Hamas was created in 1987 from the Gaza branch of the Muslim Brotherhood. The Brotherhood itself, as a partially political organization, earned a rivalry with the PLO, which of course led to bloodshed between the two. At this point it appears to have been Israeli policy to not intervene, but let the two fight to weaken each other.

With the events of the First Intifada, in 1987 the Gaza leadership decided they needed an official resistance organization, and that's how Hamas was created. They got their first really big boost a couple of years later. The PLO's peace efforts culminated in the 1991 letters of mutual recognition between the PLO and Israel, which in turn led to the Oslo 1 Accord.

The problem here was that there were still Palestinians who didn't want to recognize Israel, renounce violent resistance, or have the 2-state solution pictured by the accords. Politically this created a vacuum, and Hamas was one of the groups ready and willing to fill it.

That is the story of the creation of Hamas.


Now this next bit is where we get controversial. This part of the answer really should be on the Politics site, not here, because its not settled History.

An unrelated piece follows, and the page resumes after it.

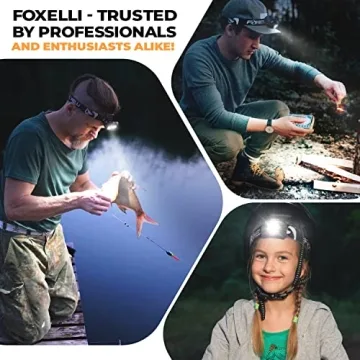 Foxelli Rechargeable LED Headlamp Bright and Comfort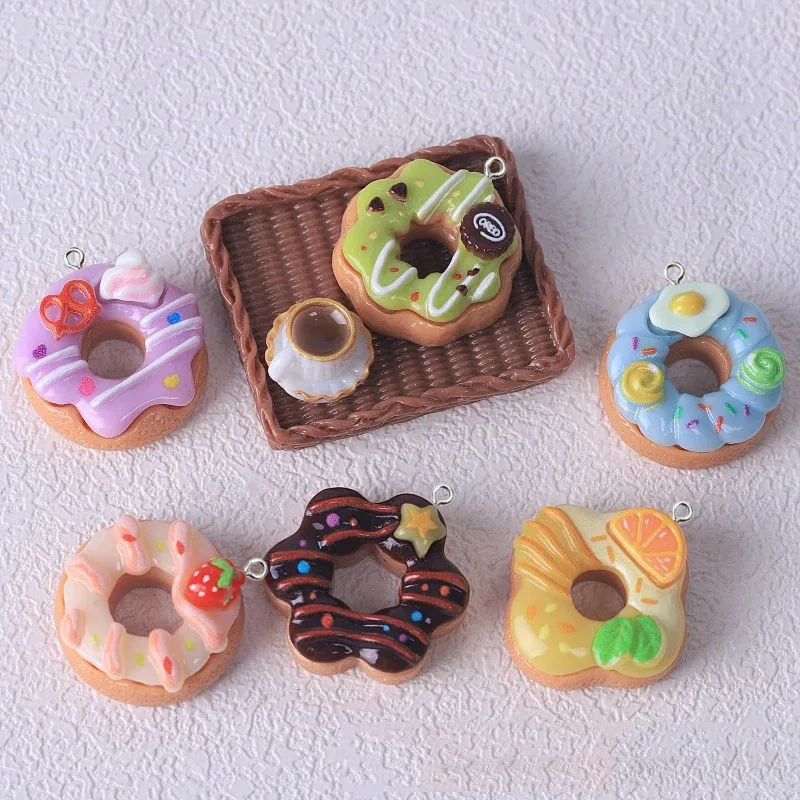 10Pcs Cute Simulation Food Donut Resin Charms Kawaii Strawberry Cake Flatback Pendants for DIY Jewelry Making Handmade Keychain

There are many within Israel who will tell you that when Netanyahu, who was originally considered a far-right politician, became Prime Minister, he in fact did not want the two state solution either. Jewish historian Dmitry Shumsky is one of them. According to this line of thinking, the policy of allowing unrestrained settlements in the West Bank, such that there can be no possible reasonable national borders there without Israeli citizens inside them, was one prong of his approach. The other was to strengthen the rift between Hamas and the Palestinian Authority (nee PLO), which necessarily meant taking actions to strengthen Hamas.

Now again, I want to emphasize that this is just one viewpoint, not some immutable accepted historical truth. You can read Shumsky's rationale in this Op-Ed in Haaretz. This is Israel's oldest newspaper, but its also an Op-Ed, which means none of the contents are necessarily vetted in any way. It could be all lies. However, I've seen it quoted and referenced around the internet, so this could be part of where people are getting this idea that Hamas somehow owes its existence to the government of Israel.